TRY IT: As the answer, set down the lines below from the one containing "This Greenbriar upstairs" through the one containing "Auf einer Tabelle", exactly and inclusively, and no others.

SOURCE MATERIAL:
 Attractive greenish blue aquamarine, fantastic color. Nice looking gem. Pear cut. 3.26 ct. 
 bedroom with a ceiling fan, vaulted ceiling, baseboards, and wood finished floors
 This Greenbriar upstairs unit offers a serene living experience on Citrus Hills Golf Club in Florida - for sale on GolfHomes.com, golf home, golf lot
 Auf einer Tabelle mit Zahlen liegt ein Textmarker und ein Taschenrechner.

--

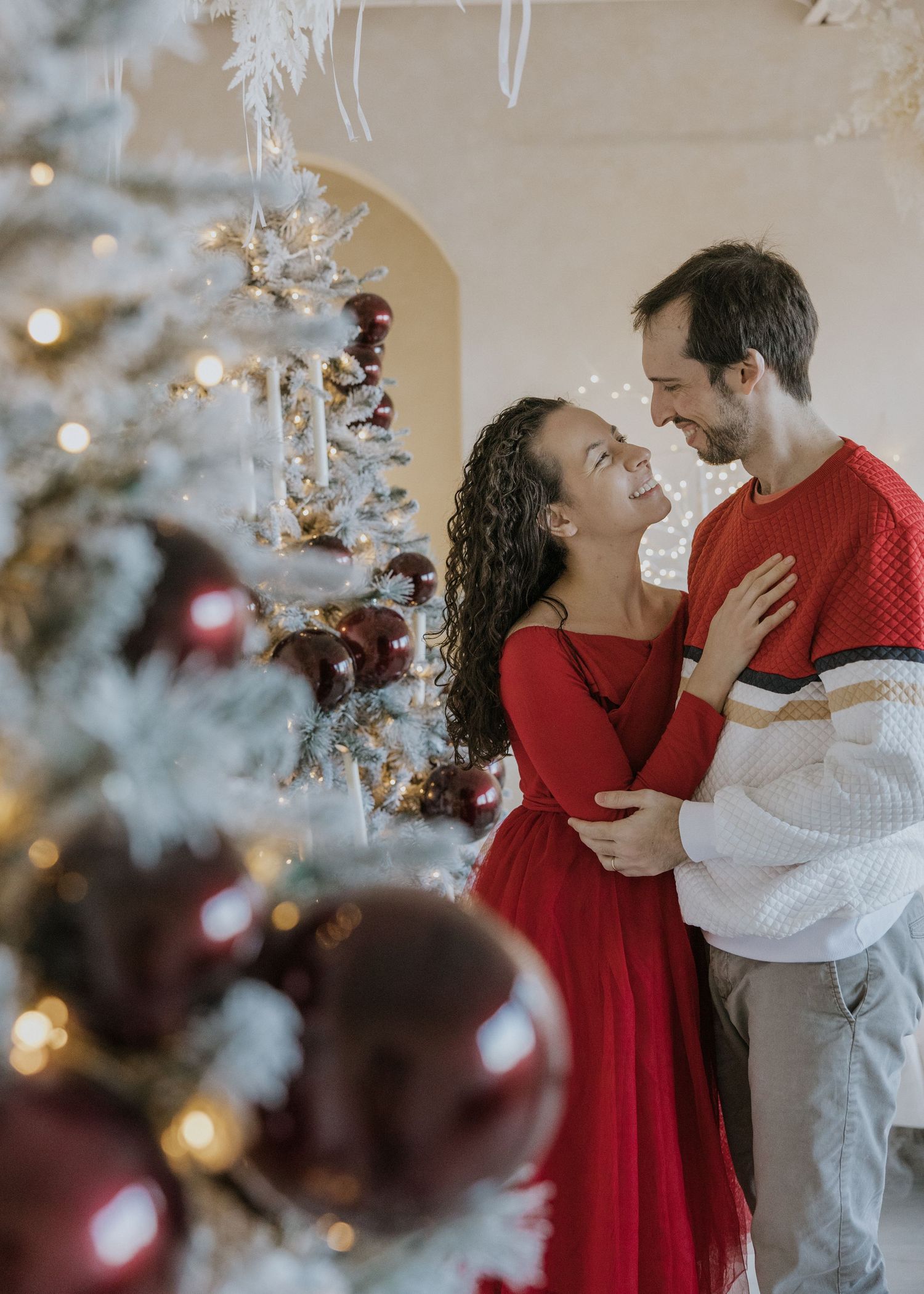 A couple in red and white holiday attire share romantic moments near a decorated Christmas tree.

SOLUTION BELOW:
 This Greenbriar upstairs unit offers a serene living experience on Citrus Hills Golf Club in Florida - for sale on GolfHomes.com, golf home, golf lot
 Auf einer Tabelle mit Zahlen liegt ein Textmarker und ein Taschenrechner.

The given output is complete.